**Task prompt**
Will you transcribe all the entries word for word, skipping the pictures they hold?

=== Begin Enclosure ===

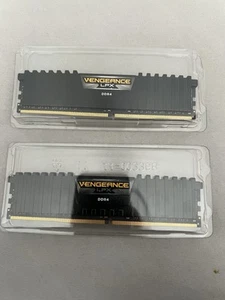 Corsair Vengeance LPX DDR4 2400MHz (2x4GB) System memory - Picture 1 of 2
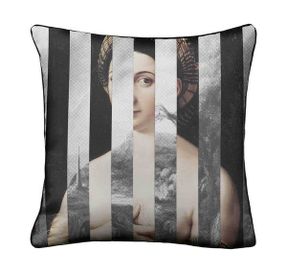 Mineheart Geo Raphaelite Cushion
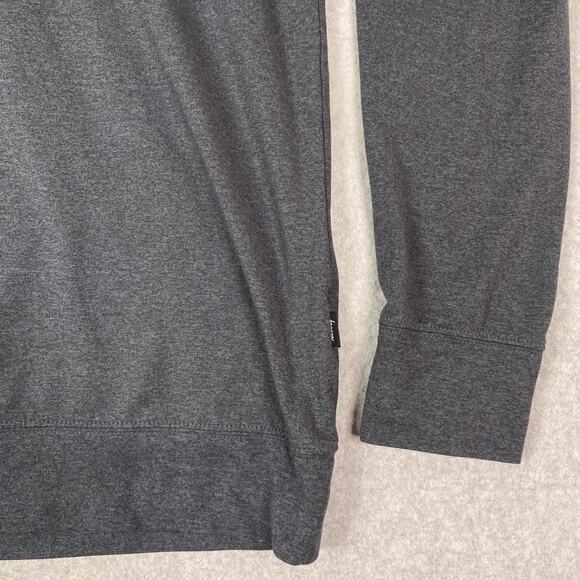 Breezy Golf Mens M The Gimme Hoodie in Dark Gray - Picture 4 of 10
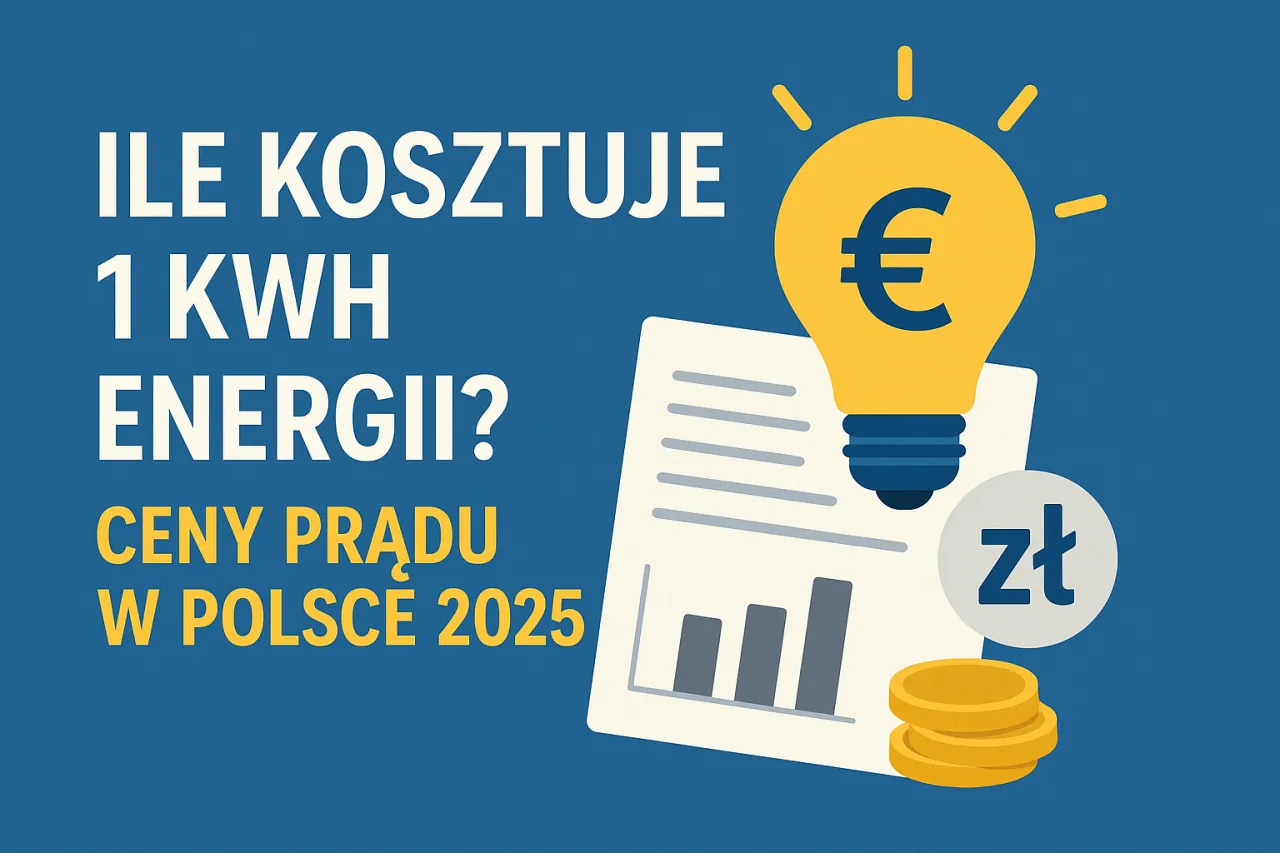 Zdjęcie Jaka cena za KWH: jak obliczyć koszt jednej jednostki energii w Enerdze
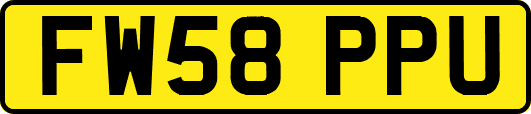 FW58PPU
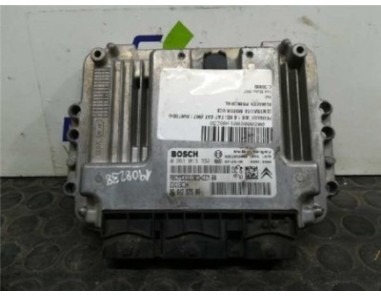 Centralita Peugeot 308 1 6 HDi FAP 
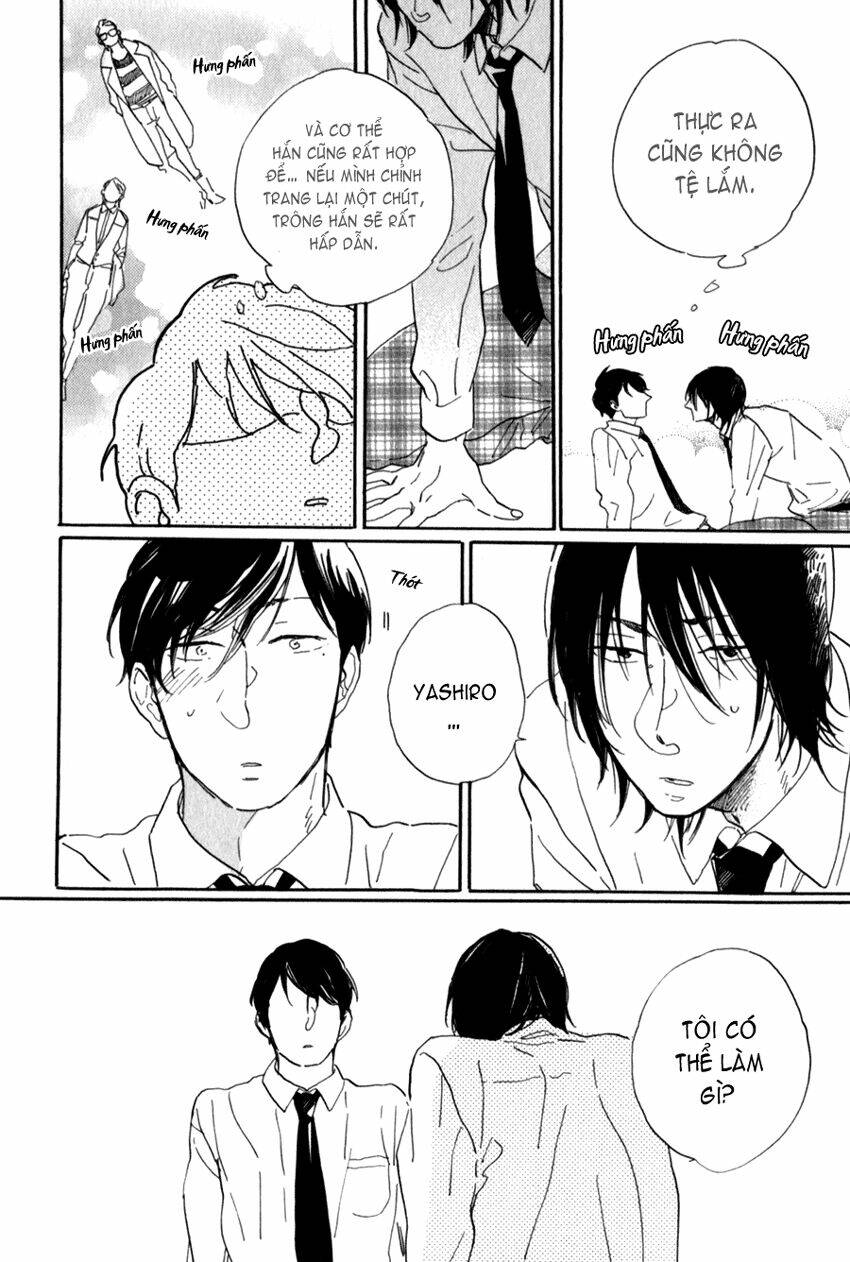 udagawachou de mattete yo chapter 6.5 9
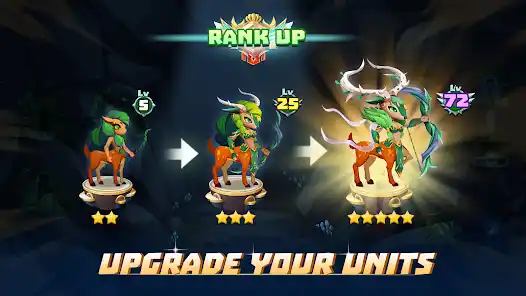 AFK Monster APK 1.25.0 [Full Game] for Android - screenshot 5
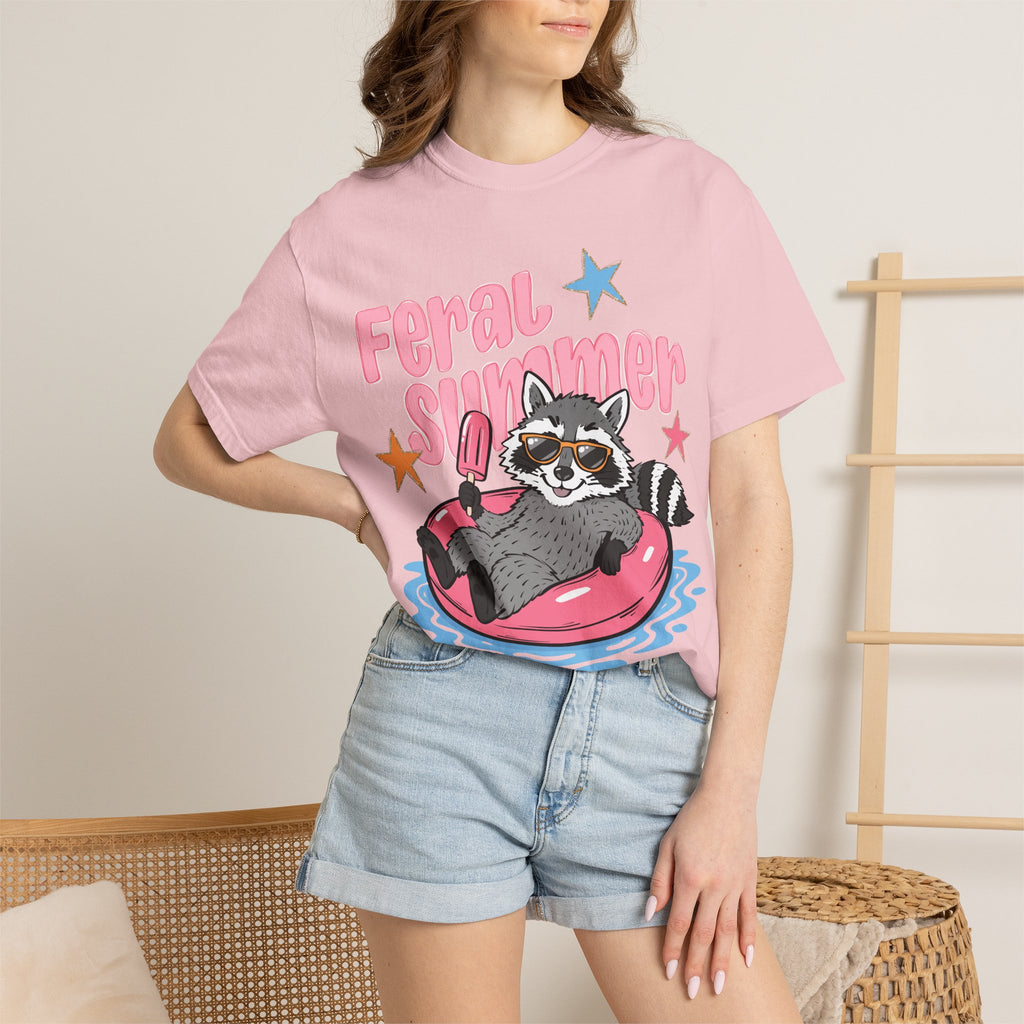 Feral Summer T-Shirt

=== End Enclosure ===

**Solved problem**
 Corsair Vengeance LPX DDR4 2400MHz (2x4GB) System memory - Picture 1 of 2
 Mineheart Geo Raphaelite Cushion
 Breezy Golf Mens M The Gimme Hoodie in Dark Gray - Picture 4 of 10
 Zdjęcie Jaka cena za KWH: jak obliczyć koszt jednej jednostki energii w Enerdze
 FW58PPU
 Centralita Peugeot 308 1 6 HDi FAP 
 udagawachou de mattete yo chapter 6.5 9
 AFK Monster APK 1.25.0 [Full Game] for Android - screenshot 5
 Feral Summer T-Shirt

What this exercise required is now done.